6/27: 2 Samuel 1:1, 17-27 and Psalm 130 • Wisdom of Solomon 1:13-15, 2:23-24 or Lamentations 3:22-33 and Psalm 30 • 2 Corinthians 8:7-15 • Mark 5:21-43
Sadly, the lectionary has skipped over one of my favorite heroines – Abigail, a woman whose life is a study in how to manage oneself in triangles, along with how to make a statement through one's own actions, no matter where one is placed in the system (I Samuel 25). Other stories, such as pranks in the enemy camp; a medium and a voice from the dead; throwing of spears at the unarmed; along with the usual raping and pillaging, are also avoided. As 2 Samuel opens, David is making remarks about the death of King Saul and his son Jonathan. Perhaps seeking to raise the vision of the people from the grim circumstances of the time, David skirts the truth, saying that Saul and son had never been divided (1 Samuel 1:23).

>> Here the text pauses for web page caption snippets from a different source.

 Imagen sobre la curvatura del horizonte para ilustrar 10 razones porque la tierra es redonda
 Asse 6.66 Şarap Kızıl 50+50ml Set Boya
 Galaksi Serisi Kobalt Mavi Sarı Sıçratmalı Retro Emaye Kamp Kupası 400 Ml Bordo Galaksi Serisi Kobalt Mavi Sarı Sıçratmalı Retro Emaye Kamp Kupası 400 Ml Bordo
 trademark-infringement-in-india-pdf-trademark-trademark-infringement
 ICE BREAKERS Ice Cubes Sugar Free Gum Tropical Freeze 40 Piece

Well, while they may have been great warriors, Saul and his son had disagreed. Their disagreements were so extreme that Jonathan and David had worked out detailed, secret plans to subvert the king's intentions. As David continues to cover up the behind-the-scenes facts, he is answering his own lament: how the mighty have fallen. Each of us, to a person, is vulnerable to becoming a Saul-like character: fooled by an unrealistic view of the world, and unable to hear the perspectives of others, who then find themselves using deceit to manage their own lives. In families, tribes, and nations, all suffer as different subgroups start focusing on their own information, which tends to be less than the full picture available if everyone could contribute to a larger view.

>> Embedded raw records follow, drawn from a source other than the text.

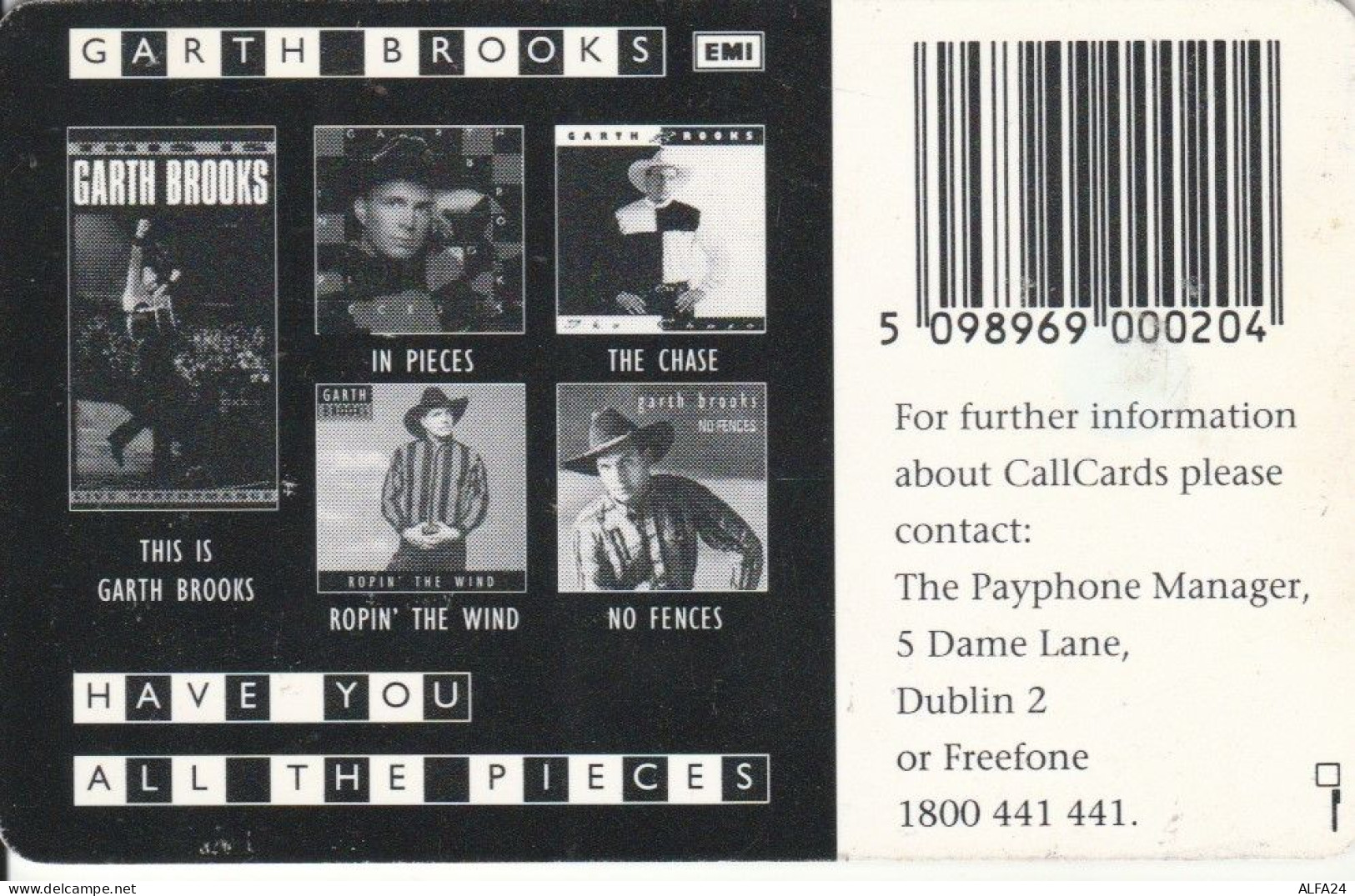 PHONE CARD EIRE  (E91.25.7 - Irlande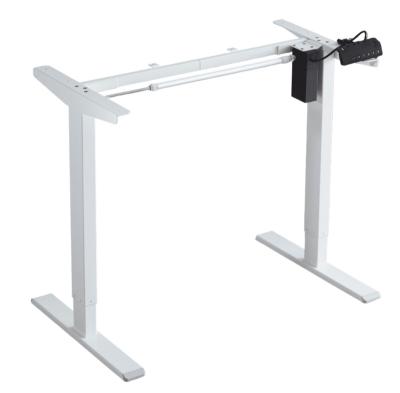 China Adjustable (height) Hot Sell Single Motor Height Adjustable Table Computer Desk Sit and Standing Desk for sale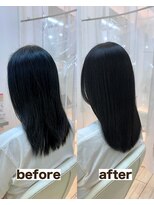 シゲ 自由が丘店(SHIGE) 縮毛矯正まではしたくない方へ|髪質改善トリートメント+カット
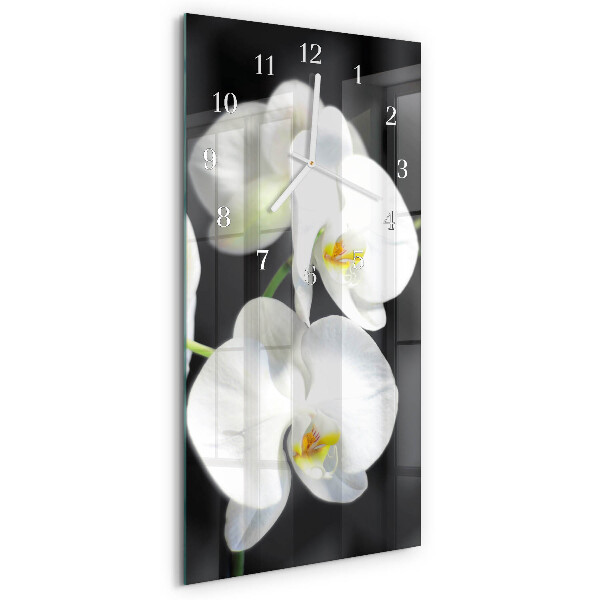 Vertical wall clock Orchid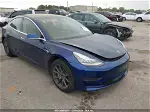 2018 Tesla Model 3 Long Range/mid Range Blue vin: 5YJ3E1EA1JF154435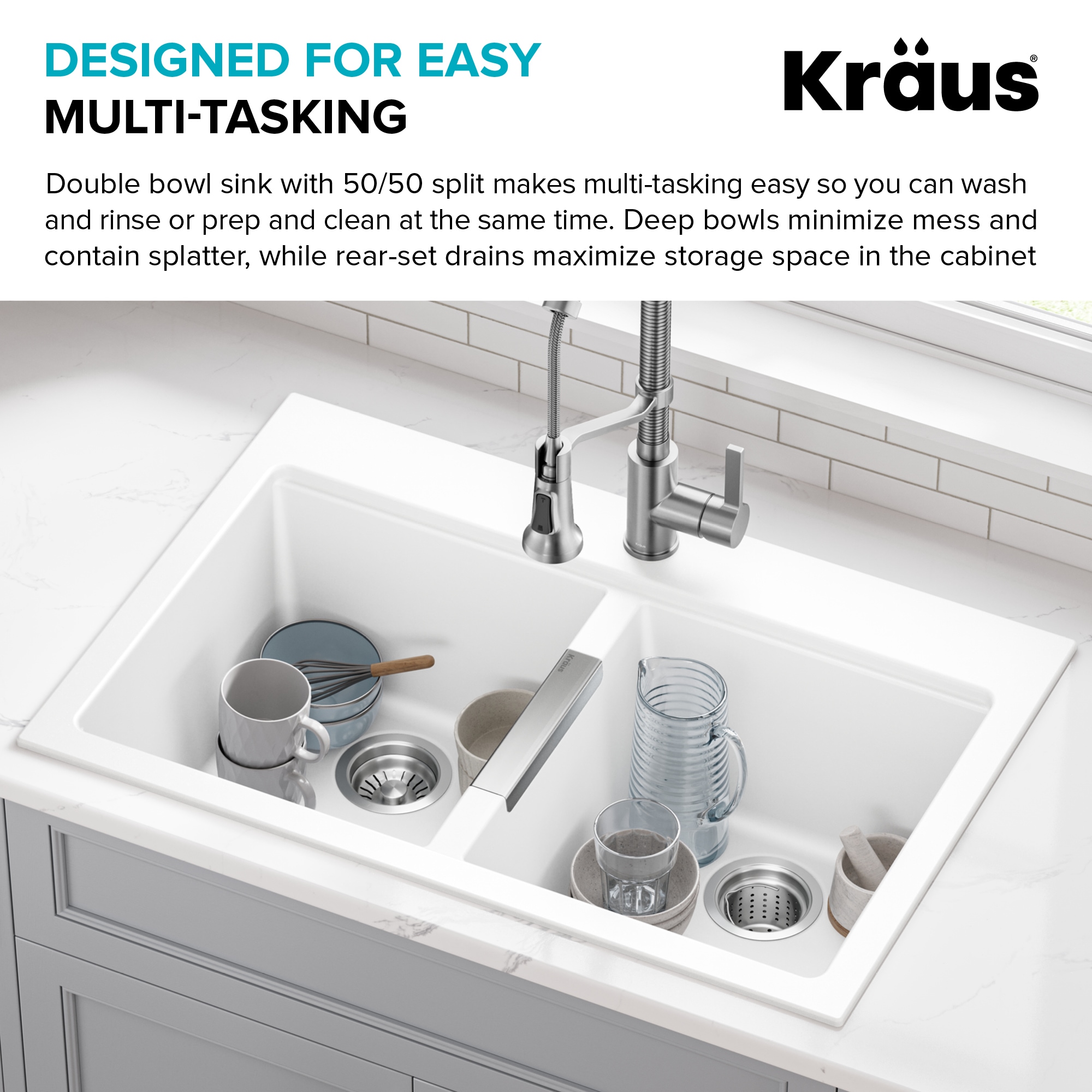 Kraus KGD-433BWHITE Kitchen-Sinks - View #8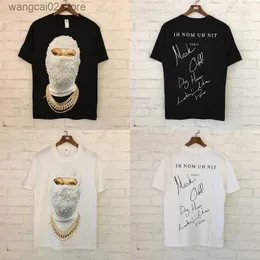 T-shirt da uomo manica corta IH NOM UH NIT Mask T Shirt Summer Tee Uomo Donna Alta qualità Pearl Man Print Graphic T-shirt casual Top all'ingrosso T230602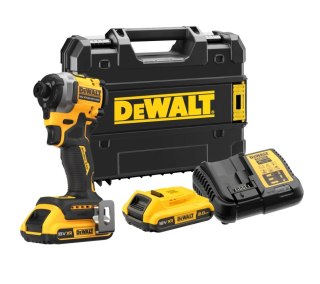 ZAKRĘTARKA UDAROWA 18V 2x2,0 Ah zestaw z walizką narzędzia akumulatorowe DEWALT DCF850D2T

At the other end of the spectrum, today's gospel reading is about people with a very realistic view of life and its limitations. There is the leader of the local synagogue, whose daughter was dying, and, in the middle of that story, a separate case of a woman who had suffered from vaginal bleeding for twelve years. In a culture where menstrual cycles were thought of as unclean, a woman with a 12-year period was extraordinarily vulnerable. Rules about avoiding sex before and after a menstrual cycle would have made her not only unable to wed, but also, for as long as she bought into the customs around the 'unclean,' ashamed. The exhaustion of her physical disability may have been crippling in one way; the psychological blow, in another.
Finding her way to Jesus, she touches his clothes and is immediately healed. Jesus, though, notices. He demands to know who has touched him, and although his disciples try to brush it off as just a close crowd, Jesus starts looking around. At this point, the woman comes to him, in fear and trembling, telling him the whole truth (v.33).

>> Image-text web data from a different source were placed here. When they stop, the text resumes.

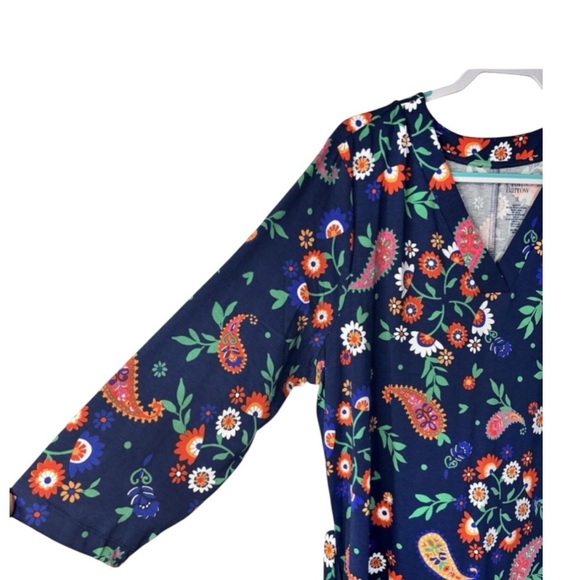 Croft & Barrow Pink Orange Pink Paisley Vneck Dress NWT 1X - Picture 4 of 9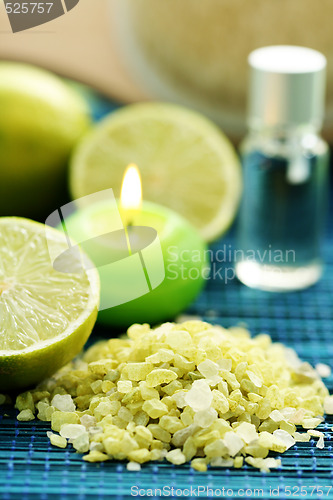 Image of lime bath salt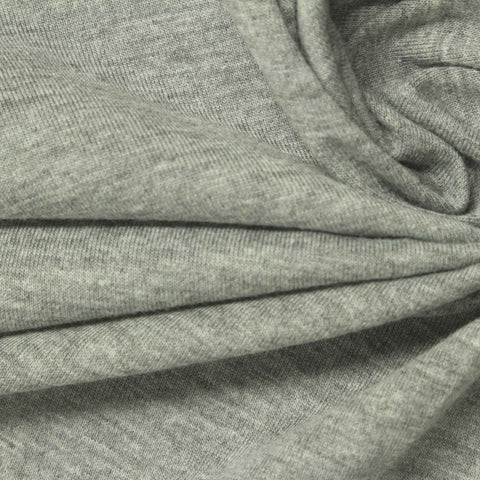 Polyester Viscose Jersey Knit Fabric, 140 gsm, 180 cm — Grey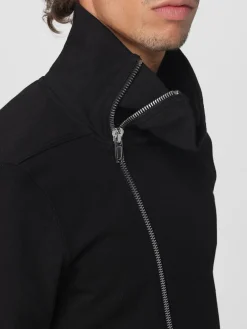 Felpa in cotone con zip asimmetrica Rick Owens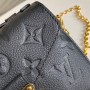 Louis Vuitton Monogram Empreinte Leather Micro Metis M81390-black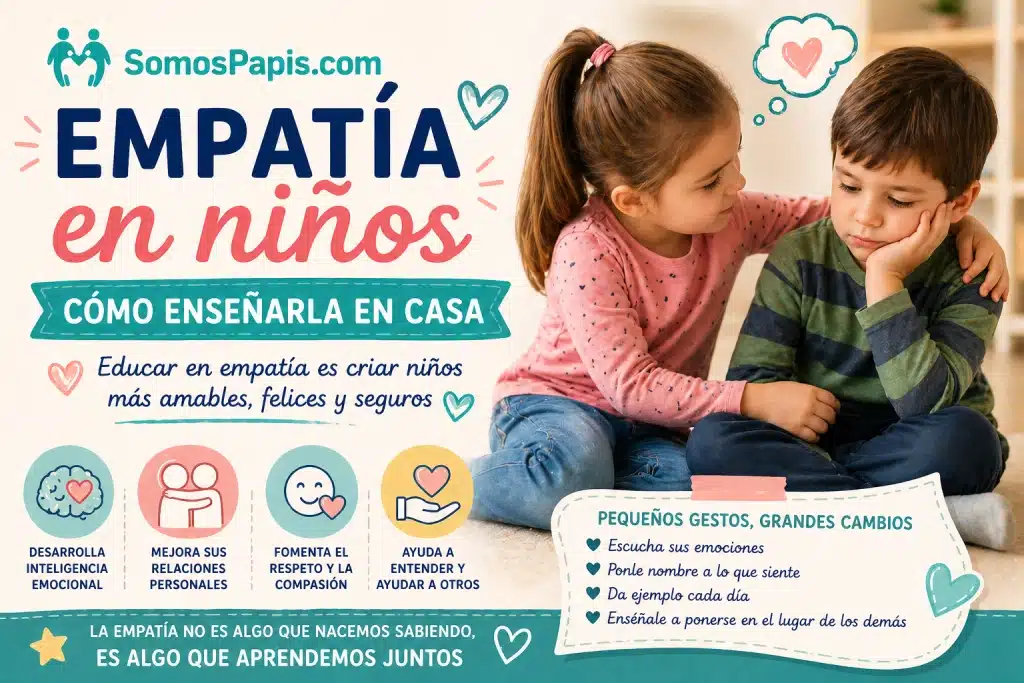 Empatía en niños y cómo enseñarla en casa Empatía en niños y cómo enseñarla en casa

How she must have wanted to hide! The courage it must have taken for her to tell the whole truth in front of the crowd! A person can only look on in awe at this story, at Jesus' awareness of her need for both physical and emotional healing; at the self-affirmation that the moment required of her; and her stepping up to do it. In comparison, the healing of her bodily affliction was a small thing. There is no going back, once a person has made herself more fully known – more fully defined – to others. One has become a new self – set free by the truth one has acknowledged. In some sense, each of us – from Saul to Jonathan to David to Abigail to every human – has a similar opportunity to affirm the reality of one's own life. First, though, one must step down from the platform of the mighty.
Reflections:
Morning: Where might it be useful to me, to define myself more fully to others?
Evening: Where do I get stuck, and unable to see the whole reality of a situation?
Psalm 130:6 My soul waits for the Lord more than those who watch for the morning, more than those who watch for the morning.